In addition, the Asset Management segment of the Encavis Group is engaged with two wind parks in the United Kingdom and one in Sweden, which is also outside the eurozone. No foreign currency risks arise from these engagements since Encavis does not own the installations but only manages them for third parties.
Encavis proactively minimises the risk by continuously monitoring the performance of the British pound and the Danish krone and being prepared to enter into hedging arrangements as and when required, as successfully done in the leadup to the Brexit decision.
The mezzanine capital contract with Gothaer Versicherungen from November 2014 contains standard covenants on compliance with defined financial ratios. There is always the risk of a breach of these covenants, which, in principle, would entitle the holder to immediately call in the mezzanine capital paid out. This would result in a substantial burden on the financial performance, financial position and net assets of Encavis.
In addition, the solar and wind park project companies normally raise project funding for the development and construction of their installation. These contracts also contain covenants that must be complied with by the relevant project company. Encavis mitigates financial risk for the Group by ensuring that financing banks at project company level do not have access to any companies other than the borrower. For this reason, financing arrangements are generally on a non-recourse basis, in which the collateral for the bank is limited to the park in question. A violation of the covenants contained in these contracts could result in the early termination of the respective loan agreement by the financing bank, which would in turn cause the remainder of the borrowed amount to become due immediately. In order to minimise this risk, Encavis monitors all existing agreements and, in particular, compliance with any covenants they contain. This enables the company to recognise any undesirable developments at an early stage and manage them proactively before any contractually agreed covenants are breached.
The financing strategy of the Encavis Group for the acquisition of suitable wind and solar parks includes a borrowing portion in the form of loans, but the consolidated equity ratio of the Encavis Group should not fall below the target figure of 24 % (since the application of IFRS 16; previously 25 %). The solar parks and wind parks are financed with loans at both fixed and variable interest rates with maturities of up to 19 years. The company's calculations factor in substantial interest rises once fixed-interest periods expire. Any rises following the expiry of fixed-interest periods above and beyond those allowed for in the calculations may reduce the profitability of some solar parks or wind parks. The company does consider appropriate interest rate hedging instruments, known as interest rate swaps, for variable-rate loans, as they allow reliable calculation and planning in the long term.

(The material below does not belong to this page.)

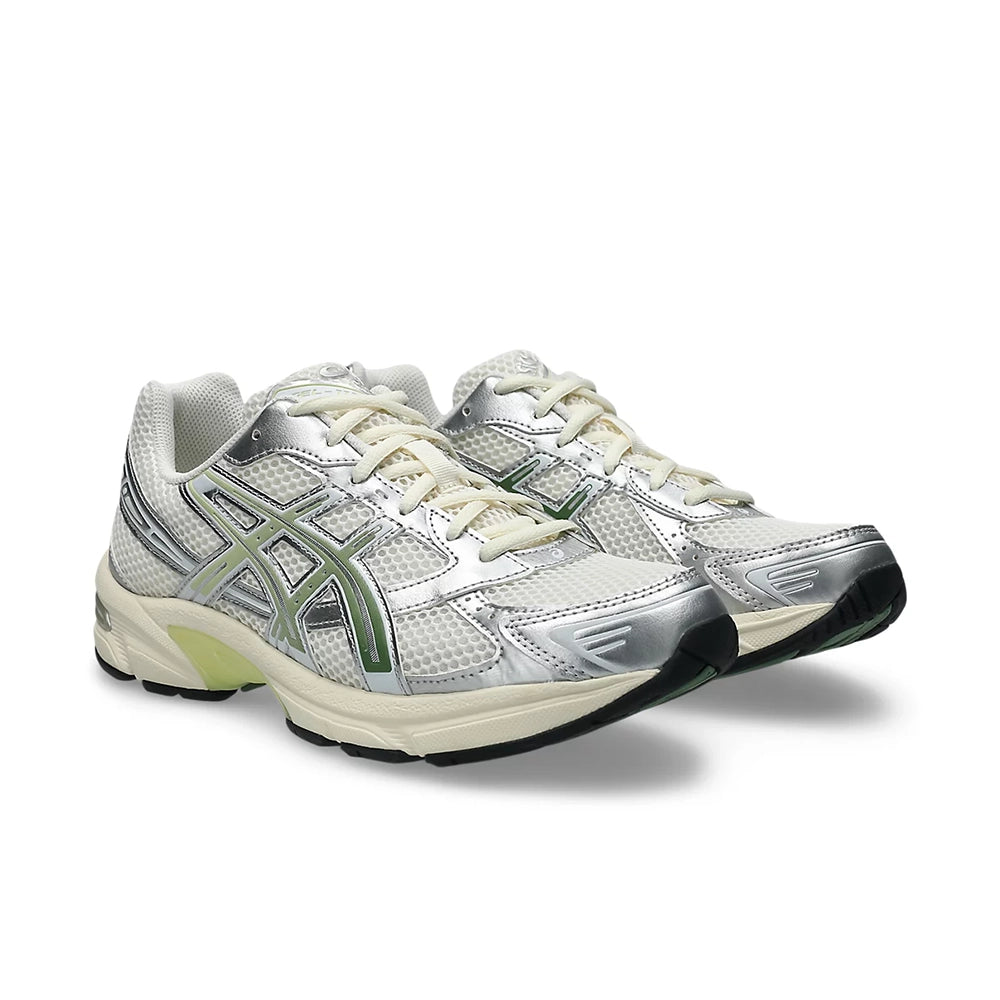 ASICS GEL-1130 Cream Cedar Green pair from a front three-quarter angle, showing silver overlays and cream laces.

Working capital and guaranteed lines of credit in place with standard market interest rates and maturities are also in place. The currently low levels of interest rates contribute to an overall very moderate interest rate risk. According to the announcement by the European Central Bank, monetary policy in the eurozone will remain expansive for the time being.
For the first time in September 2017, Encavis issued a subordinate bond in the amount of EUR 97.3 million with timelimited conversion rights. In 2019, the bond was increased to EUR 150.3 million at the same conditions. There is no fixed deadline for repayment of the hybrid convertible bond. The hybrid convertible bond can be converted into fully paid-in new and/or existing ordinary bearer shares in the company by the tenth trading day before 13 September 2023 (the "first redemption date"). The coupon for the hybrid convertible bond will be 5.25 % p.a. until the first redemption date. After the first redemption date, the interest rate for the hybrid convertible bond will be fixed at 1,100 basis points above the five-year euro swap rate. This rate will be reset every five years. The interest is payable every six months in arrears. There is therefore a risk that interest rates will change after the first redemption date.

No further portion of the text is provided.